Dihadapkan pada dua momen dalam setahun seperti pemilu sebelumnya para pemain ngos-ngosan, apalagi ini dihadapkan pada tiga momen politik sekaligus sudah pasti super ngos-ngosan.
Situasi politik ditahun 2024 jelas berbeda dengan tahun - tahun sebelumnya. Pertama Pemilu 2024 masih ada imbas dari krisis akibat pandemi Covid-19, dimana situasi perekonomian belum pulih bahkan sebagian ahli memprediksi akan semakin parah ditahun politik.
Hubunganya apa dengan politik? Kita ketahui bersama bahwa politik di Indonesia membutuhkan support finansial yang cukup lumayan menguras kantong atau dompet. Sekadar untuk ongkos pileg ditingkat kabupaten dan kota saja membutuhkan kisaran Rp 500 juta lebih.
Angka ini bukan khayalan belaka tetapi fix memang benar - benar terjadi pada pileg tahun sebelumnya. Anda bayangkan sendiri kalau ditingkat kabupaten dan kota saja mencapai Rp 500 juta maka kita bisa memperkirakan untuk tingkat provinsi dan pusat, belum lagi calon kepala daerah sudah pasti puluhan miliar rupiah.
Kedua, Pemilu 2024 akan berlangsung secara beruntun tiga momen politik, yaitu pileg, pilpres dan pilkada. Jelas, sudah terbayang energi yang akan dikeluarkan untuk menghadapi tiga momen politik dalam waktu satu tahun. Dihadapkan pada dua momen dalam setahun seperti pemilu sebelumnya para pemain ngos-ngosan, apalagi ini dihadapkan pada tiga momen politik sekaligus sudah pasti super ngos-ngosan.

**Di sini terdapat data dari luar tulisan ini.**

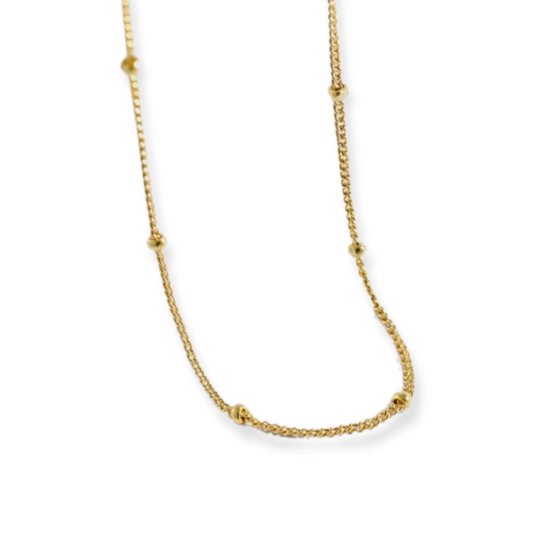 "Eine feine 925 Silber, 18k vergoldete Halskette mit kleinen Kugeln - zeitlos schön und perfekt kombinierbar für jeden Look."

Simulasi saya begini untuk pilkada. Andaikan ada politisi yang lolos atau terpilih lagi menjadi anggota legislatif lalu maju lagi pada pilkada maka pasti akan berfikir ulang, kecuali mereka yang memiliki support system finansial yang memadai dan memiliki keyakinan akan menang. Jika tidak maka sama saja "bunuh diri".

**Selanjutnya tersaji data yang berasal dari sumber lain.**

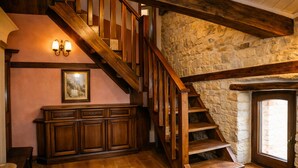 A wooden staircase with a stone wall, a wooden cabinet, and a framed picture on the wall.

Mengapa saya katakan bunuh diri bagi mereka yang lolos ke parlemen, keuangan terbatas apalagi ketokohan pun terbatas maka ketika maju pilkada harus rela menanggalkan kursi parlemen. Andaikan di parlemen sudah berjalan tiga atau empat tahun mungkin berani spekulasi untuk adu nasib.
Jadi, pada Pemilu 2024 terpilih lagi menjadi legislatif saja sudah luar biasa. Kecuali bagi mereka yang memiliki support finansial yang memadai. Mengapa urusan finansial ini sering diulang - ulang? Karena politik transaksional sekarang sudah terbuka.
Seorang politisi tidak lagi bisa mengandalkan ide, gagasan tetapi juga finansial. Dalam bahasa candaan sering dikatakan antara kapasitas dengan isi tas harus berimbang. Jika tidak maka dipastikan akan oleng, karena memang sudah sampai tahap transaksional terbuka di masyarakat.